At last! As usual Bill Moyers manages to pull together the most interesting talk show and political discussion of the week as seen Friday night 1/23. I hope a lot of Kossacks saw Moyers, Sirota and Frank in action. They at last brought up a good questioning discussion on where Obama really is on the matter of the banking element of the bailout. How progressive, even radical will he really be - or will he go for the status guo and just throw money at it. It's one hot problem!
Read on:
Tonight Bill Moyers got square on the table, with the help of Thomas Frank, the historian and columnist, and David Sirota, the progressive columnist and sometimes Kos poster, the key issue of the early days of the Obama administration: how much will Obama have to honor the establishment vs. the cost to him of doing so vs. realization of the progressive agenda on which Obama has so clearly campaigned.
It was a marvelous discussion -- all hands were on board for the free exchange of ideas. All three men, and each of them is brilliant and interesting on his own, more or less agreed that Obama's big challenge is how far to go in accommodating the establishment (read: conservative Republicans), in order to push his reform agendas and how much will they be diluted in the process. There are facts, anecdotes and opinions all over the place, but it is far too soon to know the outcome.
Much is being made of the appointment of a Raytheon Corp. man to a management post in the Department of Defence, and should be! I do not for one minute trust the military industrial establishment to police itself, even if Secy Gates has proven a reasonaly decent executive at DOD. But even more was made tonight by the Moyers group in discussing the big bank black hole -- which gets bigger and blacker and more bottomless with every passing day. Tom Frank pretty much came down on the banking scandals as central, at least at this point, to all other Obama efforts.
Last week I posted that Tim Geithner should not be approved as Treasury Secretary, not because of his tax dodging but because he is a member of the New York banking establishment and his mind-set is that of 'save the banks, the rest will fall into line.' I do not believe that is the correct approach. I agree with Dave Sirota and Paul Krugman that spending a trillion dollars in aiding home-owners, in building infrastructure and public works and in stimulating manufacturing and productivity will do much more to improve economic conditions than yet more billions poured down the New York Banking rathole. Geither comes from that rat hole, in fact he has helped to build it into what it is today. And our discussants tonight at last got very focussed on nationalizing banks -- if you are going to do it, and we are, do it all the way and take full control and run the damn banks, literally, and direct how they spend their bailout money. This topic is getting more airing by the hour and needs to -- it is essential that MUCH more control be exercised over the banks. Even Geithner in his Senate hearing admitted he should have exercised a lot more supervision and awareness in the all the binges of speculation and false equity investing the banks were doing. With rather a blank face and glassy eyes he said, "Yes, I should have done more." Sort of same tone of voice as "Yes, I should have done my taxes better." Jeeze Louise!!!

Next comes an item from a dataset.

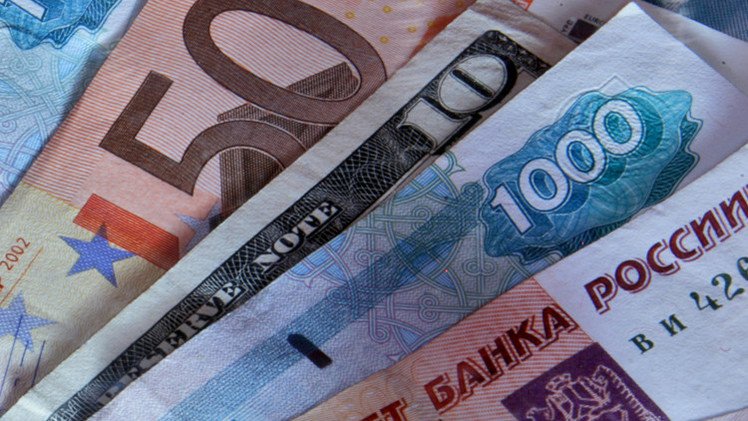 الروبل يتقدم على الدولار واليورو في تداولات اليوم بعد خسائره الأسبوع الماضي 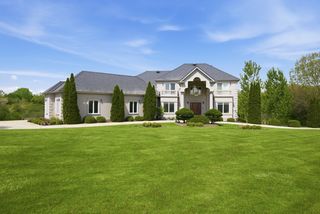 9 Falcon Lakes Dr, South Barrington, IL 60010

What do you folks really think of Geithner? I watched his Senate hearings; he was weak. He looks weak, even a little scared; his voice and body language sounded it; he did not show a strong streak of personality that I want to see in a man for such a key position as Treasury. He looks like a big-brained staff man; a good corporate vice president supporting a powerful chieften. The counter to such concerns, of course, one might argue -- he's agreat technician and he'll do what Obama tells him!! OK. So now we are back to Obama -- it all depends on him.
State, under Clinton, looks solid and reliable; DOJ under Holder (if they every get him in!), looks interesting and active; but Treasury under Geithner? By damn, I just don't think so. And I am sorry to say it. Obama may have some other stuff up his sleeve, other appointments and certainly new directions for Geithner and Treasury to follow. So...all may be well; we just can't tell right now. One thing is ever clearer this week: You cannot depend on the top bank executives to police themselves. As Moyers said, it's getting hard to tell the bank robbers, the bandits, from the bankers themselves.
When I posted some of the above thoughts last week, I was much disputed by disdainful Kossacks who felt Geithner was exactly the right man! And who am I, anyway, to publically support such a show of doubt against Obama! Well, now I have company -- none other than Bill Moyers, Tom Frank and David Sirota (and by implication Krugman and dozens of other forward thinking and sophiticated economists and columnists). They are professionalss. I am not, but you don't have to be a genius to see that THUS FAR Obama seems to have embraced the status quo New York banking establishment with his appointments. God! I hope not!